Frequently lost in the political battles are the moral issues that get raised only incidentally by politicians or NGOs. By and large, the voice of faith communities is silent.
With his best-selling The Third Reconstruction: How a Moral Movement is Overcoming the Politics of Division and Fear, the Rev. William Barber has shown that the evils in government policies can be effectively opposed on moral grounds. His hugely successful “Moral Monday” protests in North Carolina have inspired the deeply moral anti-racist, anti-poverty, pro-justice local movements that are now underway in several states.
That faith community leaders are driving such a movement reflects a spiritual value that all major religions have in common: love of neighbor.
Yet most Christian, Jewish and Muslim organizations have yet to recognize their collective potential to resist malevolent government policies based on white nationalism, racism or anti-Islamic sentiments.
The most immoral and hurtful policies today concern immigration and racial discrimination. Federal policies that deny refugees their right to asylum, separate children from their parents, remove immigrants from their families or hold children in makeshift desert prisons cry out for justice. By the same token, federal or state policies that impair the civil rights of African-Americans through mass incarceration, housing discrimination and police brutality can be attacked on moral grounds.
So what can a faith community do?
Religious leaders can make a difference by educating and motivating their congregations and by collaborating with other organizations that seek justice. Here are some examples:
Educate. Most local religious groups tend to look inward. They promote goodness within their particular community, but they rarely look outward. State or federal government policies, even those that strike at basic spiritual values, are usually seen as off limits for religious action.
Members of congregations often fail to see the link between their spiritual beliefs and what is being done in their name politically. Thus the first action step would be for pastors, rabbis and imams to expose malevolent policies that oppress our ”neighbor,” whether foreigner or person of color. The policies that most warrant immediate exposure are the immigration and racial abuses cited above.
Religious leaders can educate their congregations through sermons, discussion groups and social justice committees. They also can offer films and visitor presentations to show how evil policies harm real people and families. For example, the Nauset Interfaith Association on the Lower Cape Cod is sponsoring a series of discussions this fall on Dr. Marin Luther King’s 1963 “Letter from Birmingham Jail.” The discussions in various faith groups will expose continuing government policies that are based on racism.
Motivate. Churches, synagogues and mosques can encourage their members to contact their representatives in Congress and in state governments to protest policies that violate moral principles, particularly the one that says: “love thy neighbor.” For example, they can alert members to local vigils and rallies in support of safe communities.
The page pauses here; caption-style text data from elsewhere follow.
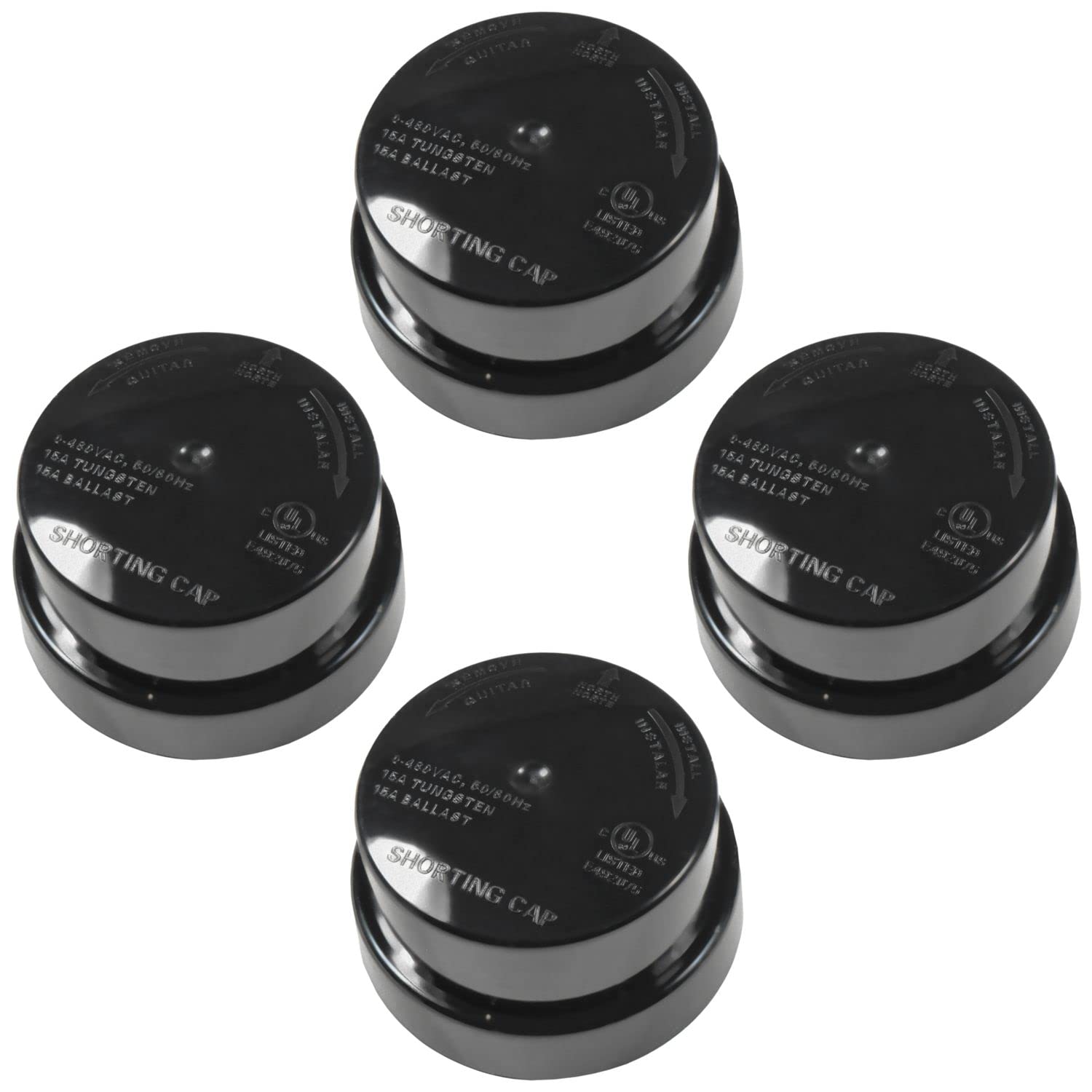HQRP 4-Pack Photocell Sensor Shorting Cap - Outdoor Light Photoelectric Switch Short Circuit Cap with Twist Lock Plug for LED Garage Lights, Pole Lights & Landscape Lighting - Perfect for Security Lighting, Parking Lots & Garden Illumination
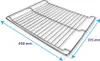 A metal grill rack for an oven, with dimensions indicated. Náhľad obrázku produktu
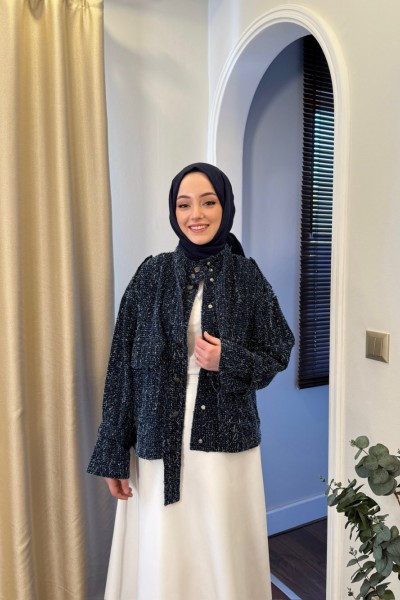 BBC PÜSKÜLLÜ DENİM CEKET- MAVİ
Collaborate. Fr. Ken Campbell of the Nauset Interfaith has succeeded in bringing together virtually every faith community on Cape Cod for a Thanksgiving prayer service at a different house of worship each year. It is a moving ceremony with prayers in different languages by religious leaders in their native garb. Fr. Ken also hosts an annual prayer breakfast on the occasion of Martin Luther King Day.
The Nauset Interfaith Association has shown how effective interfaith activity can be in uniting people of different religious beliefs around a common spirituality. The same model could be used to bring collaborative moral pressure to bear on political representatives.
Like Rev. Barber’s efforts in North Carolina and beyond, collaboration among faith communities and with non-governmental organizations that share common justice goals can start a moral crusade against immigration and refugee abuses.
Now is the time to begin!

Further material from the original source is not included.